The bags of peat lay waiting. The window boxes would have to be filled. She could do it. She had done it a thousand times. She looked at her hands, her fingers were bony and stiff, gnarled by the arthritis. She knew that holding wet earth would hurt her for days. She picked up the green and silver trowel, feeling the familar smoothness of its handle. The varnish had worn off most of it, but it was still warm and smooth, even on cold days. She opened one of the bags. The string threaded through the top to keep it secure had been cut, and it was easy to unfold the top to see the brown peat in folds, dark, within the thick brown paper sacking.

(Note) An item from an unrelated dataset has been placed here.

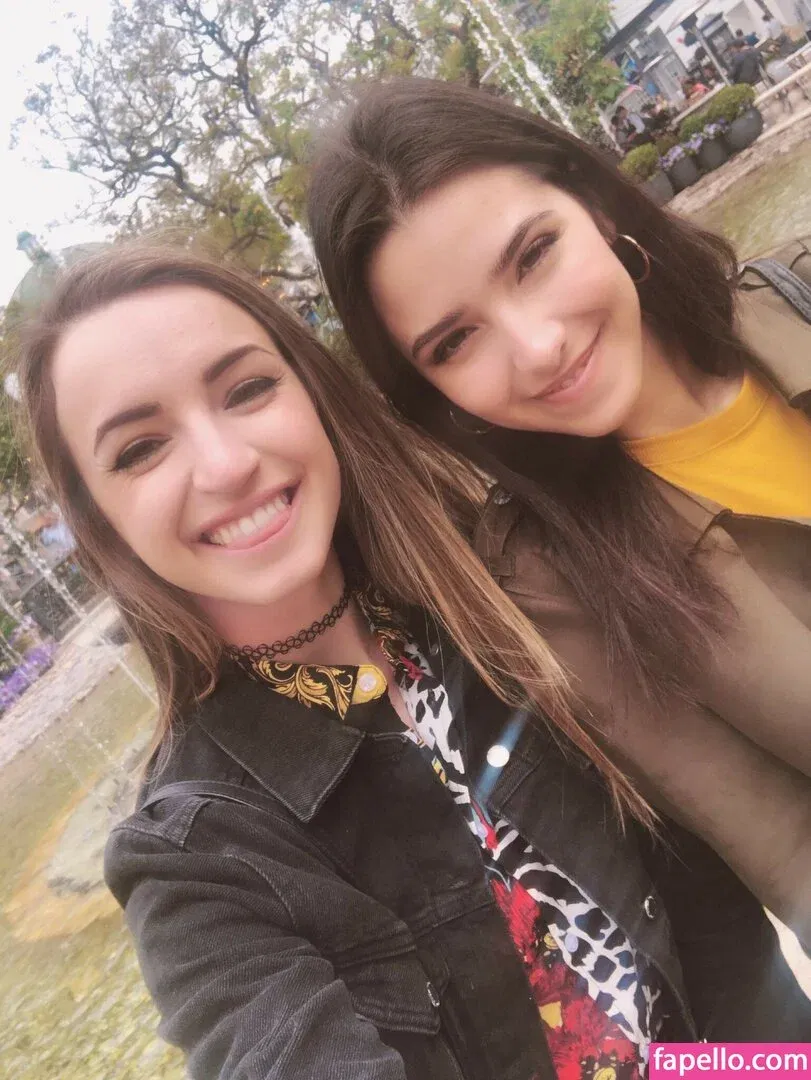 ASMR Glow Onlyfans Photo Gallery 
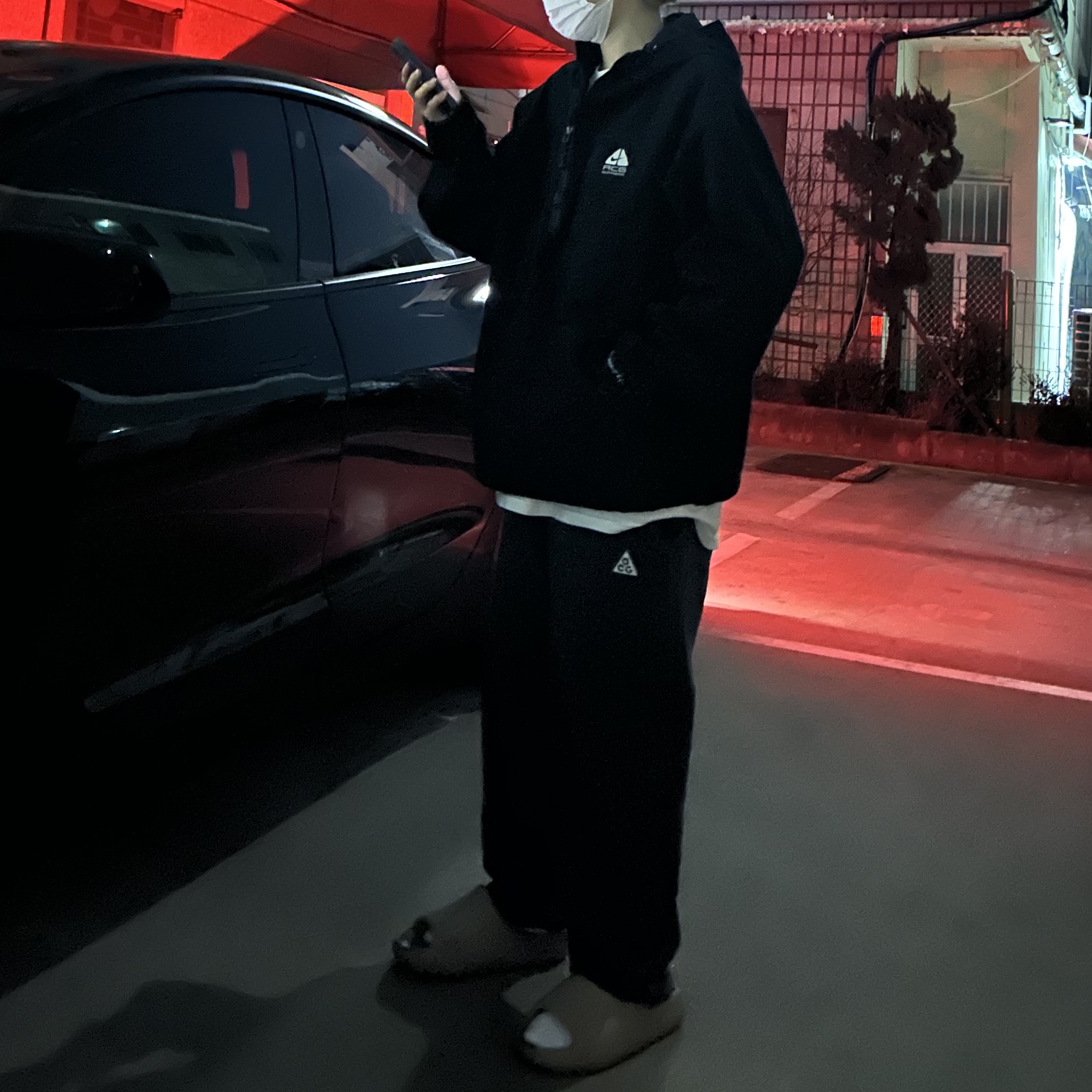 Supreme x Nike ACG Denim Pullover Black - 22FW, Adidas Yeezy Slide Pure - Re-Release Ver. 착용 스타일 - 3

She plunged the trowel deep into its softness, and brought a lump of it out. It had the fine, delicate structure of sphagnum moss running through it, and it reminded her of the leaf patterns on chinaware. She thought of the peat cutters standing in their square cut trenches, troubled by the wind and the rain that tore at their poor clothing. She brought the lump of peat up to look at it more closely. It smelt of bracken in the wet, and reminded her of journeys time had overlaid, like footprints under snow. She uncovered them.


The peat wasn't as firm as she would have liked. She knew it needed to be firmer, but she hadn't the strength, either in her arms or her hands to push it down any harder. She was tired out from the exertion of filling the box. The seedlings would be smothered by the sphagnum peat, and so she looked for the bag of sand. It was away in the corner, out of reach. She got up and felt its deadweight, and rather than try to move it, she thrust the trowel down into it. She sprinkled sand over the peat. It glinted in the weak sunlight as it fell from the trowel's rounded edges onto the peat below. She closed her eyes. Memories showered down like sand through an hour glass, and every sparkling grain that gaily peppered down onto the conical pile of her days brought her long life nearer to its end. Her eyes were closed, but the glinting sand had burnt an image into her eyes, and the shining points of light stirred her.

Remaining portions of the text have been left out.